Hillary Clinton was the wealthiest candidate at the Democratic debate–by far.
24/7 Wall St. did an analysis of the net worth of each major candidate, This is what we found about Clinton:
> Net worth: $11 million — $53 million
In 2001, Hillary Clinton became the first female senator to represent New York State. After serving as Secretary of State in the Obama administration from 2009 to 2013, Clinton announced her candidacy for president yet again this past April. Clinton is currently outspending and outpacing her closest competitor, Senator Bernie Sanders, in fundraising. The Clinton campaign has raised more than $47.5 million, not including super PAC funding, and spent nearly $18.9 million — significantly more than the $16.4 million and $4.8 million the Sanders campaign has raised and spent, respectively. However, while 69% of of Sanders’ campaign contributions have come from small individual donations, while only 17% of Clinton’s contributions have come from small individual donations.

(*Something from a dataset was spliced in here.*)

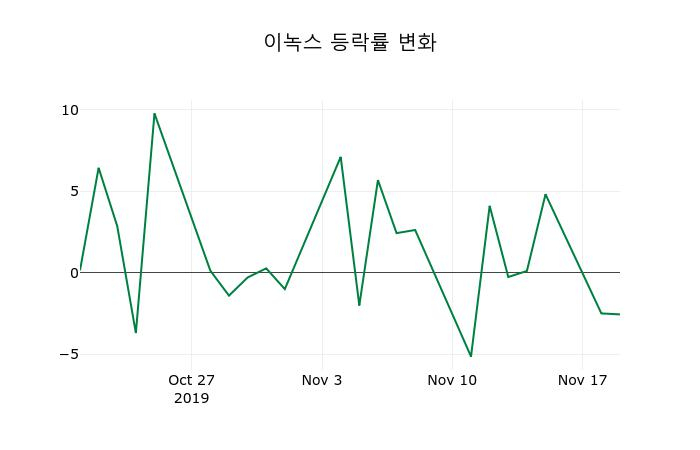 ▲지난 2주간의 등락률 변동정보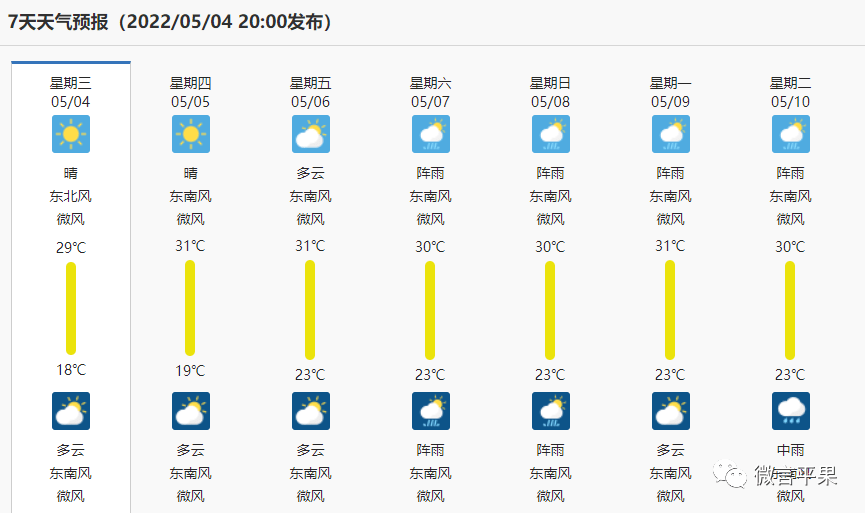 平果天气预报南风上线明天起又有雨水现身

Hillary Clinton is worth at least $11 million, and as much as $53 million, which includes her husband Bill’s substantial net worth. Much of the net worth Hillary is directly responsible for includes the income she earned through investments, her book, and speaking fees since her time working for the government. Over the past several years, Clinton and her husband have spent hundreds of thousands of dollars on summer rentals in the Hamptons. Some of Clinton’s influential campaign donors have urged her not to rent another home in the Hamptons while campaigning for fear she could be dubbed an elitist.
To identify the net worth of each presidential candidate, 24/7 Wall St. reviewed the most recent tax filings of the highest-polling Republican presidential candidates, as well as the two highest-polling Democratic presidential candidates. Each candidate’s poll is an average of four widely recognized surveys of American opinion, including CNN and Fox. In order to determine ranges for each of these candidates we relied on the best available data from at least one of the following sources: analyses from third-party sources of personal financial disclosures provided to the Federal Election Commission (FEC), statements made by the candidates’ campaigns, and in the case of current members of congress, specific net worth values obtained by The Center for Responsive Politics through 2013 tax filings. The Center also provided campaign finance figures. We also considered campaign contribution totals, which each candidate for president is required to submit to the Federal Election Commission (FEC).